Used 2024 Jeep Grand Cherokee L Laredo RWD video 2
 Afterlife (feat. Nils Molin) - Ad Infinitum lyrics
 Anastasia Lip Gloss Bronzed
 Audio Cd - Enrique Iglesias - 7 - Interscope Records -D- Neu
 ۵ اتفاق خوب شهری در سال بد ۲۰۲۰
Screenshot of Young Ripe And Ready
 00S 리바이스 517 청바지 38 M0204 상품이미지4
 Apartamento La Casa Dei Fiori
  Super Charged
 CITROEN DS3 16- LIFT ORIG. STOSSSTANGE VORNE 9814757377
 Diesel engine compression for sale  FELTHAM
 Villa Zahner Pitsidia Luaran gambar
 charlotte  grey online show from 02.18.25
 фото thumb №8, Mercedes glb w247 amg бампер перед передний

┄┄┄┄┄┄┄┄┄┄┄┄┄┄┄┄┄┄┄┄

■ Exercise prompt
Please write out, exactly as they appear above, only the lines in the stretch from the line with "Screenshot of Young Ripe And Ready" through the line with "show from 02.18.25".

■ Answer to the exercise
Screenshot of Young Ripe And Ready
 00S 리바이스 517 청바지 38 M0204 상품이미지4
 Apartamento La Casa Dei Fiori
  Super Charged
 CITROEN DS3 16- LIFT ORIG. STOSSSTANGE VORNE 9814757377
 Diesel engine compression for sale  FELTHAM
 Villa Zahner Pitsidia Luaran gambar
 charlotte  grey online show from 02.18.25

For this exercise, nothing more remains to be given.